Exercise -
Take the lines in the listing below from the line with "Portrait de Karine" up to and including the line with "Students holding a" and set them down exactly, skipping pictures and adding nothing.

Records shown -
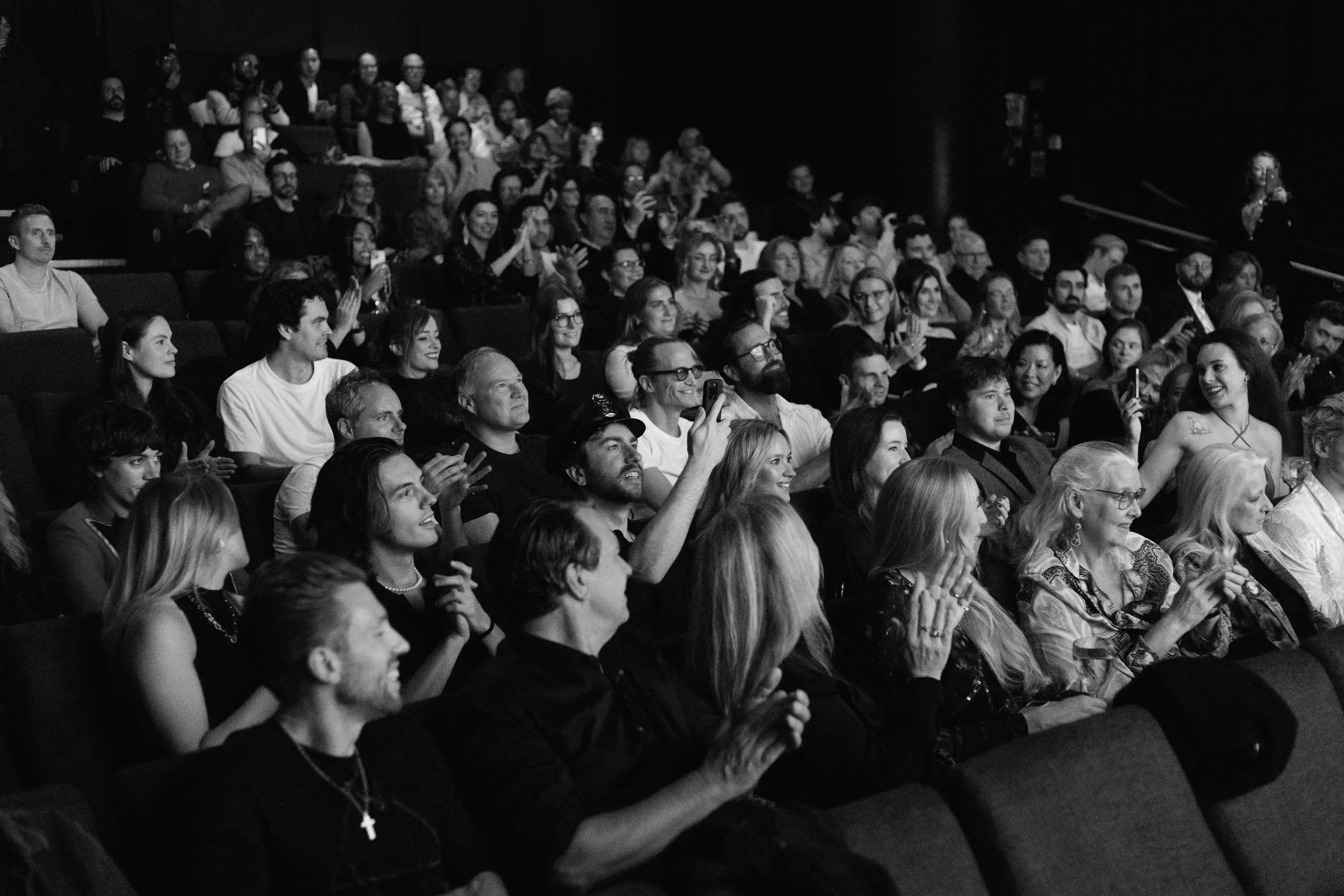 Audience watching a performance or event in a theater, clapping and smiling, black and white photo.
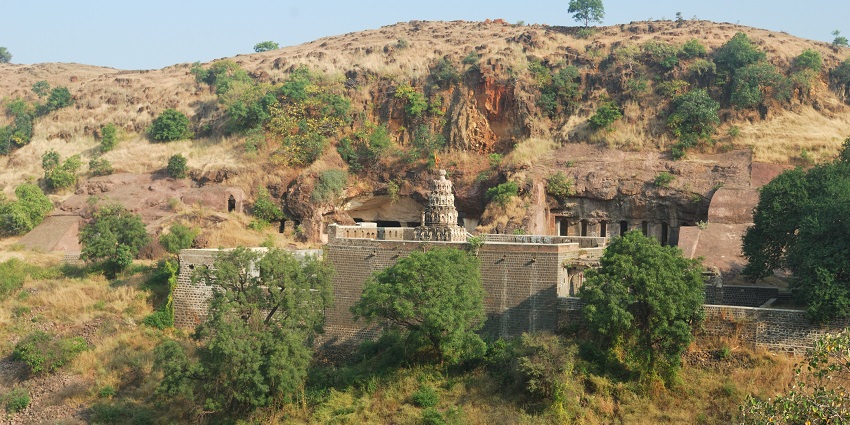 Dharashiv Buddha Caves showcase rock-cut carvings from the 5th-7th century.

---

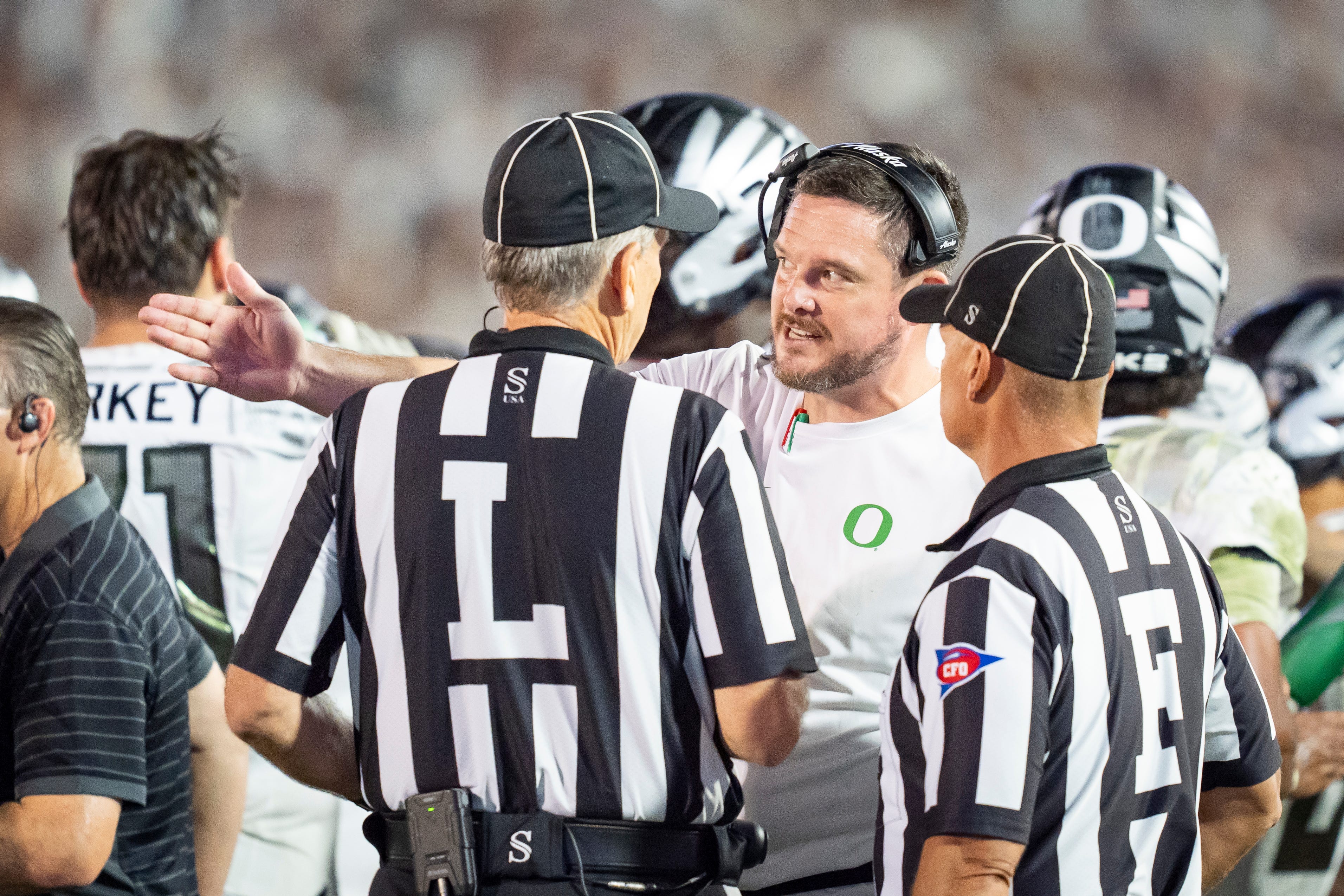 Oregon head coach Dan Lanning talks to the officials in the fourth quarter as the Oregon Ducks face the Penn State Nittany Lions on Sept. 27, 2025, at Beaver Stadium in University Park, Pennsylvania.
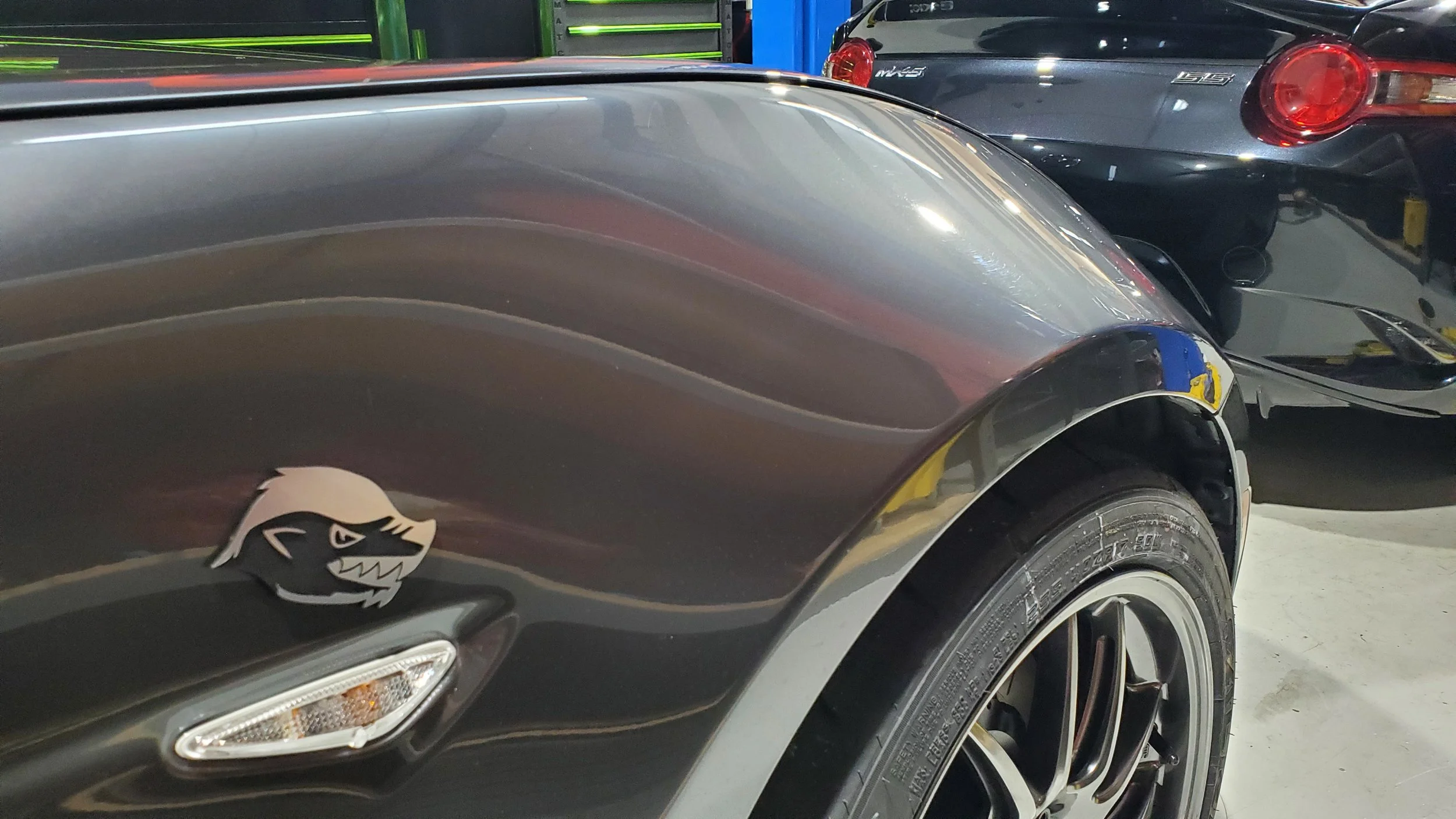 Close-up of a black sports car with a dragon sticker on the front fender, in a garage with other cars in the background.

---

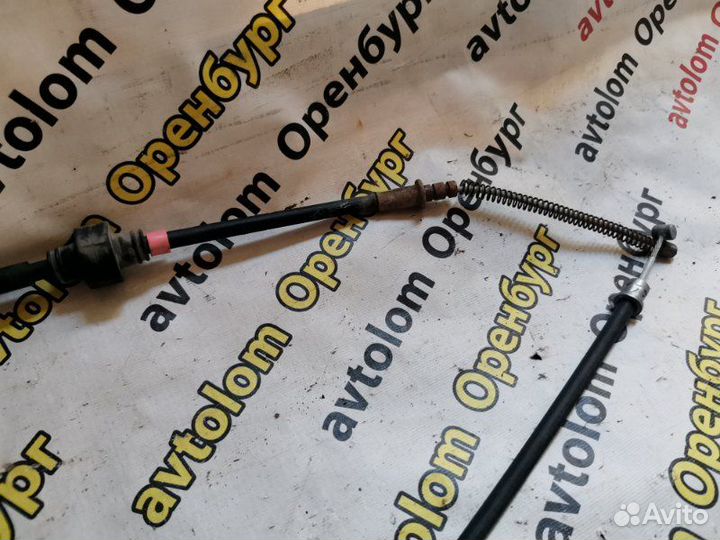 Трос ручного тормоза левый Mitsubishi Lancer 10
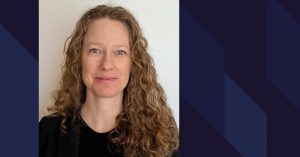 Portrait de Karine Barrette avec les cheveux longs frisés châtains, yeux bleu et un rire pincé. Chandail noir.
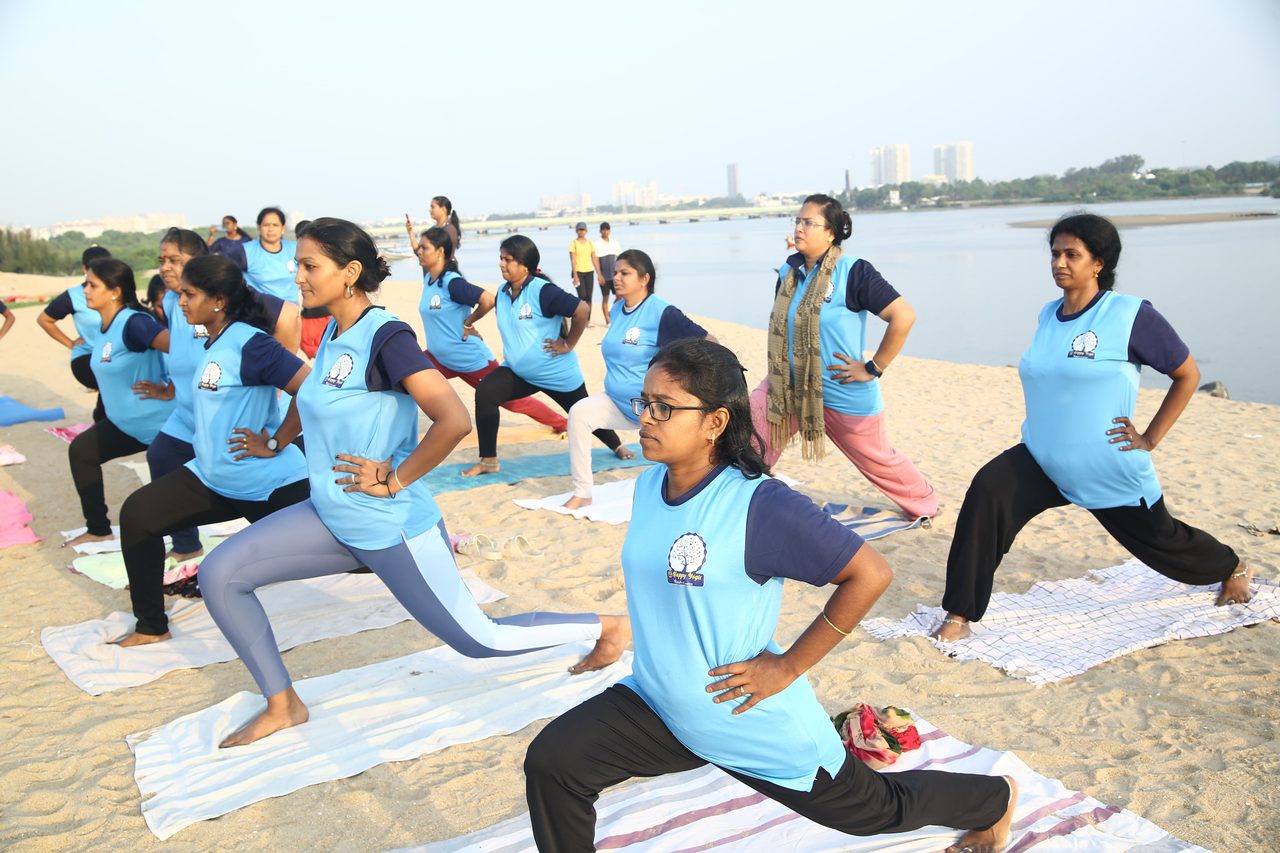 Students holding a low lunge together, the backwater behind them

Response -
 Portrait de Karine Barrette avec les cheveux longs frisés châtains, yeux bleu et un rire pincé. Chandail noir.
 Students holding a low lunge together, the backwater behind them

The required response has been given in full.